I wanted to learn more about who these women really are, so I spent days scouring their Reddit threads, Instagram pages and smut websites.

“I’m embarrassed to say that I think Luigi has probably changed my life,” reads one Reddit post that’s garnered hundreds of likes. “This is what it took for me to recognize I have to be better as a person.”

“It’s like you worded my thoughts for me,” another fan responded. 

They’re discussing whether or not donations to Mangione’s defense fund are tax-deductible —nope — and how to maximize the chances of jury selection if you live in New York City. (The next hearing in the federal case against Mangione is April 18 in Manhattan.)

They share photos of the Luigi-themed T-shirts (some portraying him as a saint), sketches, cakes, embroidery and paintings they’ve created.

Having conducted forensic deep-dives into the alleged killer’s past, they excitedly circulate photos from all the way back to his childhood.

“I’m a married woman, have mercy,” one Redditor commented about a photo of Mangione cheering shirtless at a University of Pennsylvania sporting event.

In another post, a keen observer noticed that a picture from a 2020 commencement party at the University of Pennsylvania appears to show Mangione’s ear.

Luigi supporters’ obsessive, detail-oriented qualities follow a pattern that stretches across a history of girlish fandoms, from the Beatles to K-Pop boy bands to Chappell Roan. Except, of course, they’re fixated on an alleged murderer.

For many of these girls and women, he is a part of their daily life.

One on Reddit posted a letter she wrote to him, lamenting she’s “not doing so well” because “some letters I wrote to you were returned to me… but I console myself with the thought that other letters of mine were more fortunate.

“I’m going to try to write you a little more often,” she signed off. “Take good care of yourself, dear Luigi.

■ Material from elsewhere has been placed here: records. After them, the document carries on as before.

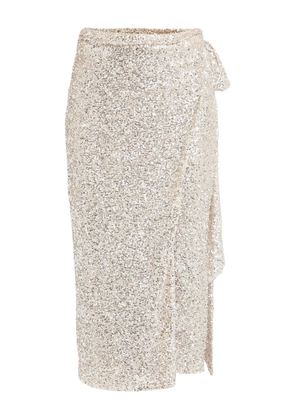NEVER FULLY DRESSED sequin wrap asymmetric skirt - Silver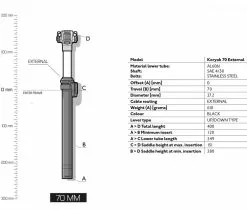 PRO Koryak Vario DSP Sattelstuetze 27,2 X 400mm Hub 70mm Extern Mit Hebel -Cane Creek Verkäufe 58776 4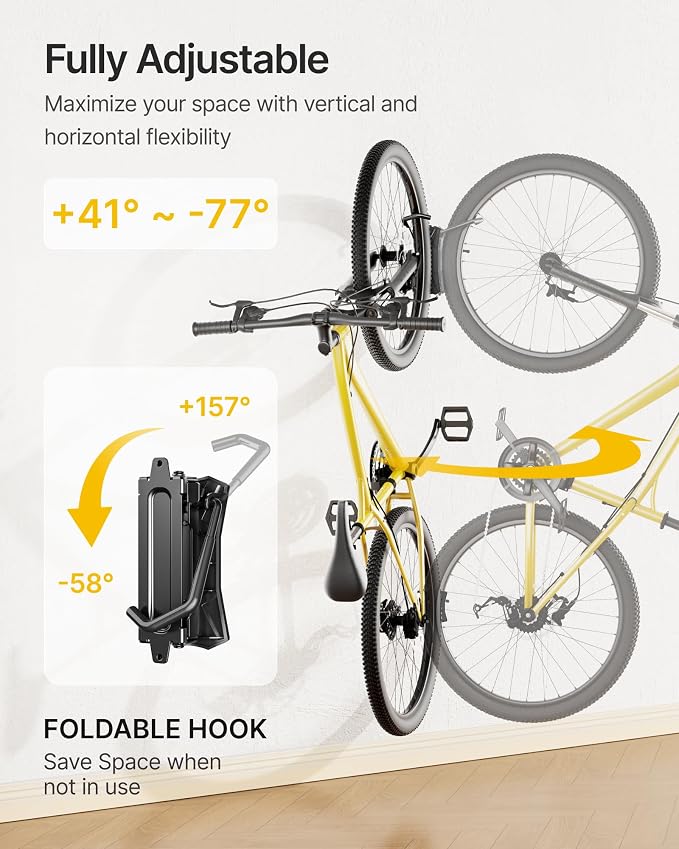 monTEK Heavy Duty Swivel Bike Wall Mount Holds Up to 77lbs, 1 Pack | Swivel Bike Wall Hanger, Up to 3.5" Tire Width, Space-Saving Bike Rack, Bike Storage for Garage Tool Room Storehouse
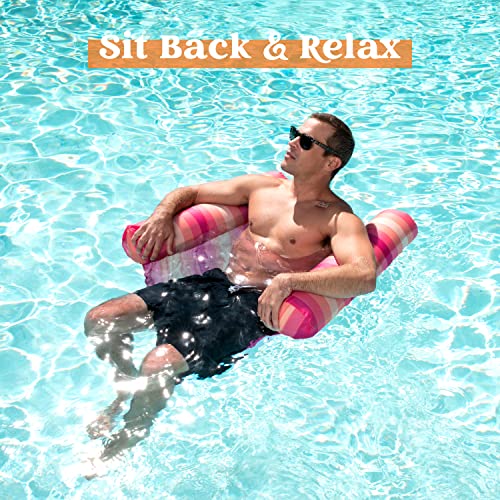 Sloosh 3 Pack 4-in-1 Inflatable Pool Floats Hammock, Water Hammock Lounges, Multi-Purpose Swimming Pool Accessories (Saddle, Lounge Chair, Drifter) for Pool, Lake, Outdoor, Beach (Green/Blue/Orange) - Image 5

I think of you every day.”

One 21-year-old student from New York City who runs a Mangione fan account on Instagram agreed to talk to me anonymously, claiming that “the people that run fan pages for Luigi can’t say something publicly so we don’t make the case harder for him.”

“He doesn’t deserve the death penalty,” she told me, following news that Attorney General Pam Bondi is seeking capital punishment for Mangione. “They’re trying to end a young man’s life because of one murder… Everything is really crazy.”

Whether spoken out loud or not, the collective sense that Thompson’s death was justified is chilling.

The @luigi_mangione_fanpage on Instagram has posted images of Hello Kitty holding a chainsaw with the caption “where is the CEO.”

And there’s no shortage of fan fiction. One website has 143 stories about Mangione.

“You were assigned a group project with well-known frat boy and alpha, Luigi Mangione,” a summary of one reads. “But unbeknownst to you, he has the hots for you and he’s willing to do whatever it takes for you to understand just how much he wants you.”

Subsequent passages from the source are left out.